That is indeed where my thoughts started out but then I realised we are all busy (well, most of us anyway). Most of us have too many things they need and want to do and too many things they do not want but feel they have to do. Let’s face it, most of us have a lot of Duty and a lot less ‘Do as thou wilt’ time than they would like.

In this I am blessed. I do not have to work two or three jobs to survive. I do not have to watch my children starve or waste away of an illness that would be easy to cure if only they had been born in the Western world. I do not have to spend my days sewing and growing old in a dark and dank workshop, locked away from light and the world, fearing every day that I will burn to death only because that same Western world wants to wear a different T shirt every day.

I am blessed. I have three beautiful, healthy children and a spacious, warm roof over my head. I have a job that brings in money and is fairly intellectually challenging yet allows me to be a stay-at-home mother at the same time. While I do complain sometimes (too often!), I love being able to take my children to school and pick them up for lunch. I love when their school day ends and I get to take them home, or to the park for a picnic or the museum. I love being able to visit events and farmer’s markets and watch my children explore new things or play in the sun. Truly, I am blessed.

My house isn’t as clean or well organised as I would like it to be (I admit, it is far from that). While there is a lot I would like to improve, I now also accept that in the choice between a spic and span house and an actual LIFE, the latter easily wins out. My children don’t (usually) eat from the floor so why should they be able to? I’d rather take them to discover what life is really about and learn to live it to the fullest.

When they grow up, I don’t want them to say that they could eat from the floor, that their ears were washed every day and they learned about being dutiful and following the rules.

No – when my children grow up, I want them to say that they were encouraged to explore the world and their interests. That they were allowed to try new things and play and enjoy life. That they were taught that doing your duty is important but they should also think about how much sense that duty actually makes. That their freedom ends where the freedom of others starts and this means respecting other cultures, beliefs and ideas, however foreign they might seem. I want them to know that following the rules is right, but only if those rules are fair. And to have the courage to stand up and rebel against the rules if they are not.

Above all, I hope that they will know that they are beautiful, good people who are allowed to make mistakes. I hope I will have helped them develop the resilience to get up and try again or move on when they fall. And know that they don’t have to live their lives the way others expect them to live. They decide what is important to them and no one else.

And yes, I have to ‘lead by example’. I believe this is one of the main lessons I have learned in the past years. If I want my children to be free, I must be free myself. And if I want them to be the beautiful people they are, to the fullest, then they must see me be as I am. Not as others want me to be. Not as duty tells me I should be.

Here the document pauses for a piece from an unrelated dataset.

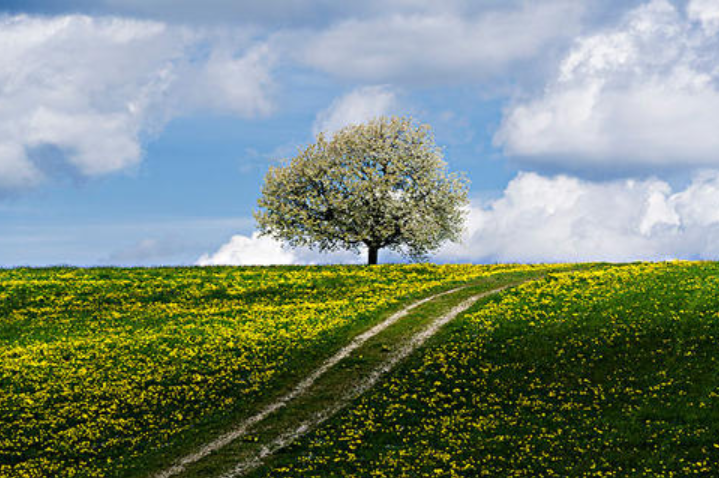 �Ϻ�Ӣ�����幫ѧ��ѧ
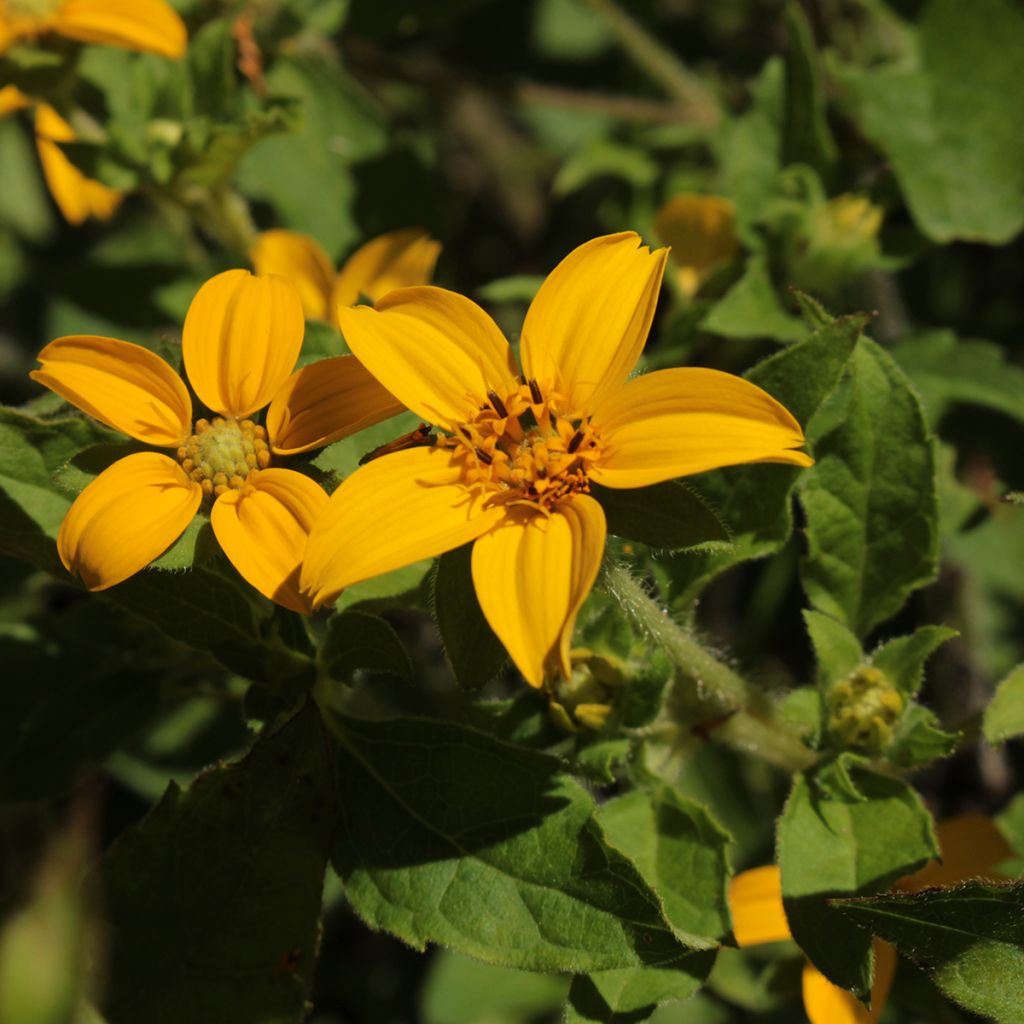 Chrysogonum virginianum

Not even as I think I should be.

Just simply, purely me.

It may seem the simplest thing in the world. To me it proved one of the hardest. I hope I can make it easier for my children.

3 thoughts on “I am leo, hear me roar

  1. Iris,
    I got chills reading this post. Thank you for exposing your heart when you write. There is nothing more beautiful, I strive for these same values in raising my children. I agree that being “Just simply, purely me” is terribly difficult in a world with so many “have to” and “shoulds.” Parenting for 31 years and counting, I have discovered that there is less and less of the “parent/child” relationship going on here and much more a just “you and me” thing going on. I may be older, but my children are often wiser. I want them to see on a daily basis that we are in this together and are all learning to swim in the same ocean.

  2. You know Zurn, my 14 year old is now discovering that the world is not a nice and safe place to many people. Sometimes I wonder how to help him see that it is also a wonderful place when there are so many things wrong in it. What I love is what you describe here, seeing how my little boy is turning into this pretty wise (though sometimes insanely stupid) young man. It makes me curious and hopeful about what kind of man he will be.

    • Truth be told….I am still often insanely stupid 🙂 I keep believing that I am forever growing up, and I don’t ever want to believe that I have arrived. So, boy or man, girl or woman, aren’t we all “turning” into someone?